== Dataset extract ==
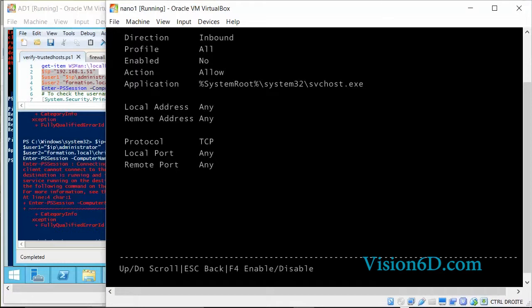So all the three profiles are here attached by this rule. This rule is not enabled, that's the reason why we cannot connect to the server remotely. The action is allowed so it will allow traffic coming in. Since the rule is not enabled that's the reason why no traffic is coming in. We see the application is servicehost.exe. So local addresses which are applicable are any, remote address or any. The protocol is type TCP.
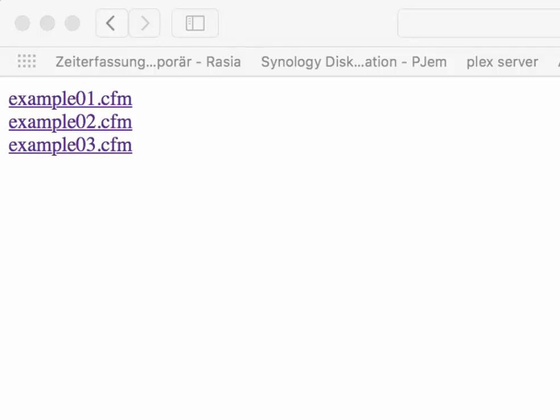Today I want to show you a new functionality with Lucie 5.3. We added a new way to encrypt and decrypt strings.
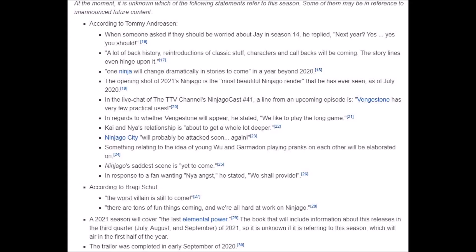I found this information on fandom.com wiki Ninjago Season 14 The Island. According to Tommy Andreasen, when somebody asked if they should be worried about Jay in Season 14, he said, next year, yes, you should be. A lot of historical history reintroduced of classic stuff, characters, and callbacks will be coming. One Ninja will change drastically in the stories to come in a year beyond 2020.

== Your objective ==
The answer must be the full listing, exact in every line, with the pictures removed.

== Solution to the exercise ==
So all the three profiles are here attached by this rule. This rule is not enabled, that's the reason why we cannot connect to the server remotely. The action is allowed so it will allow traffic coming in. Since the rule is not enabled that's the reason why no traffic is coming in. We see the application is servicehost.exe. So local addresses which are applicable are any, remote address or any. The protocol is type TCP.
Today I want to show you a new functionality with Lucie 5.3. We added a new way to encrypt and decrypt strings.
I found this information on fandom.com wiki Ninjago Season 14 The Island. According to Tommy Andreasen, when somebody asked if they should be worried about Jay in Season 14, he said, next year, yes, you should be. A lot of historical history reintroduced of classic stuff, characters, and callbacks will be coming. One Ninja will change drastically in the stories to come in a year beyond 2020.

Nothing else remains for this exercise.